- _WORK REQUIRED_:
Give the lines again word for word, beginning with the one containing "Mexico Independence Day" and ending with the last line of the material below.

- _PROVIDED INFORMATION_:
◆ ◆ ◆

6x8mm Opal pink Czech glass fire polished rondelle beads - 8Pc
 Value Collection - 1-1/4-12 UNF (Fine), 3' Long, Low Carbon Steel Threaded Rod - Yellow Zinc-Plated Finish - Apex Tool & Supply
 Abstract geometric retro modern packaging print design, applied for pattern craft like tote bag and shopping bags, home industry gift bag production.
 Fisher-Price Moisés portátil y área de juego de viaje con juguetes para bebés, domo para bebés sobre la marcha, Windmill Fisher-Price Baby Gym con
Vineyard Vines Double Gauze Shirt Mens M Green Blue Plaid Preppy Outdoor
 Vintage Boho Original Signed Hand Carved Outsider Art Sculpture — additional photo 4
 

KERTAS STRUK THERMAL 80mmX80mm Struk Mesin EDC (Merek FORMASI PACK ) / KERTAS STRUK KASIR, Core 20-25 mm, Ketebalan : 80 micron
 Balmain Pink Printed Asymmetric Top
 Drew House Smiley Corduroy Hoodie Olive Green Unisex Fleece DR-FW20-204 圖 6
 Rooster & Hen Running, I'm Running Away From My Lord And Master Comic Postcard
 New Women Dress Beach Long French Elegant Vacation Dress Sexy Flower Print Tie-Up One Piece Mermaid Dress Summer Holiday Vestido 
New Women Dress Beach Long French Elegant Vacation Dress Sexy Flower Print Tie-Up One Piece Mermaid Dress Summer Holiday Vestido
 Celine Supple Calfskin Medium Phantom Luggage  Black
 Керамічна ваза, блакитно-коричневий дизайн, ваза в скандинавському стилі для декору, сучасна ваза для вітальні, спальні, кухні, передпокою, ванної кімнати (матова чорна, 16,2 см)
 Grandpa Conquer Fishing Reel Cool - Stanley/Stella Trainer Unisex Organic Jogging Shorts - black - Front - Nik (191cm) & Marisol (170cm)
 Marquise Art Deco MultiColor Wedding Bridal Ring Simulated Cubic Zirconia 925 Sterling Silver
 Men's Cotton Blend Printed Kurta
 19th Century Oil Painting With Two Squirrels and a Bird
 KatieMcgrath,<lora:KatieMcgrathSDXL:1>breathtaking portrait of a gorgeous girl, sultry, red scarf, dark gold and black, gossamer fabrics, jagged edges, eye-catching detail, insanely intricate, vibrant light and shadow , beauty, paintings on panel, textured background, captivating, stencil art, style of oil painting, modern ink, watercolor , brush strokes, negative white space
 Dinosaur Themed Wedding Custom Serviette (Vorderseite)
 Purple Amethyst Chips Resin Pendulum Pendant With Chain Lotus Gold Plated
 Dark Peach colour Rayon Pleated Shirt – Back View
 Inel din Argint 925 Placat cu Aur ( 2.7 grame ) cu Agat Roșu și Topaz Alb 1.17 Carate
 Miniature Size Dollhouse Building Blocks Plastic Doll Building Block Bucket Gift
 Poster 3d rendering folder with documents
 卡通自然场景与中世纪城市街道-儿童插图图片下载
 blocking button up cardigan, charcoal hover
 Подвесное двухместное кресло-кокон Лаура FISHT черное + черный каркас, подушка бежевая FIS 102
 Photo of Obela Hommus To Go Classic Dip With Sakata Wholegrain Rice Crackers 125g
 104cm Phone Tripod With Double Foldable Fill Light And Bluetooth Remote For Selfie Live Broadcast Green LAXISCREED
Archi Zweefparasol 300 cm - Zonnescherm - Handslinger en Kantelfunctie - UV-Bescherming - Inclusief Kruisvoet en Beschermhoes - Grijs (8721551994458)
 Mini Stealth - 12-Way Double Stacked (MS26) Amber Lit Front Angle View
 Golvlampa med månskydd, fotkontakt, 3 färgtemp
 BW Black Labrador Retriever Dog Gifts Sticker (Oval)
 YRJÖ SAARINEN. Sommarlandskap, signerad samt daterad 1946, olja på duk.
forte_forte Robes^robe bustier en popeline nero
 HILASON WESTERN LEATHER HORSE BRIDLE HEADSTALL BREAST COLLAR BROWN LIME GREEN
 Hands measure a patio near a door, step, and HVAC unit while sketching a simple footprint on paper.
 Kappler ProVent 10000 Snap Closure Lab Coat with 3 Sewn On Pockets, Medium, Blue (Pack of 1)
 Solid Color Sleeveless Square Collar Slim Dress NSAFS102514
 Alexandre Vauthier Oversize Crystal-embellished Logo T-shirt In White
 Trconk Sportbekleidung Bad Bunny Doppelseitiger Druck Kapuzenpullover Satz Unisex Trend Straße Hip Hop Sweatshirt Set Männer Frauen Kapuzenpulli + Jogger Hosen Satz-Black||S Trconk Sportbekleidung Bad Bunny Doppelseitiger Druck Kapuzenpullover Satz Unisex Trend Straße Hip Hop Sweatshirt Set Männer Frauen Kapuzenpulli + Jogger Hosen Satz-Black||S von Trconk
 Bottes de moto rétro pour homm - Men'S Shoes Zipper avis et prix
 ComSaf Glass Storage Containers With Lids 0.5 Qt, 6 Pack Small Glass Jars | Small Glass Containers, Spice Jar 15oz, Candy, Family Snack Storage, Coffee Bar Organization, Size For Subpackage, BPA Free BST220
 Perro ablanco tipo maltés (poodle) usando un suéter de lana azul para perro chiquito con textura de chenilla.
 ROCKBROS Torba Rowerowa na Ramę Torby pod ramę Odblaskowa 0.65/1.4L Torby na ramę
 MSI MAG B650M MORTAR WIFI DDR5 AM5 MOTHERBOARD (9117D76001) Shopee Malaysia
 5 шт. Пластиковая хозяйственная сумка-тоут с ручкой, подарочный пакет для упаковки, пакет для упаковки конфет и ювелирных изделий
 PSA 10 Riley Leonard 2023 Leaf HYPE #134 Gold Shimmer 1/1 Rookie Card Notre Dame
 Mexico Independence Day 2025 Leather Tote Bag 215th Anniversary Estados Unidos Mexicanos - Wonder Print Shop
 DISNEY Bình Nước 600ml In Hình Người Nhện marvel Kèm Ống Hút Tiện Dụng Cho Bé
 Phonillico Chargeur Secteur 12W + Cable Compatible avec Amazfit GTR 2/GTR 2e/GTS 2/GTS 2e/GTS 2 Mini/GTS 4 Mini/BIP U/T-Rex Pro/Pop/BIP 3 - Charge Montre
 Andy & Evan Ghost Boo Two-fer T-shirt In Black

◆ ◆ ◆

- _SOLUTION TO THE EXERCISE_:
 Mexico Independence Day 2025 Leather Tote Bag 215th Anniversary Estados Unidos Mexicanos - Wonder Print Shop
 DISNEY Bình Nước 600ml In Hình Người Nhện marvel Kèm Ống Hút Tiện Dụng Cho Bé
 Phonillico Chargeur Secteur 12W + Cable Compatible avec Amazfit GTR 2/GTR 2e/GTS 2/GTS 2e/GTS 2 Mini/GTS 4 Mini/BIP U/T-Rex Pro/Pop/BIP 3 - Charge Montre
 Andy & Evan Ghost Boo Two-fer T-shirt In Black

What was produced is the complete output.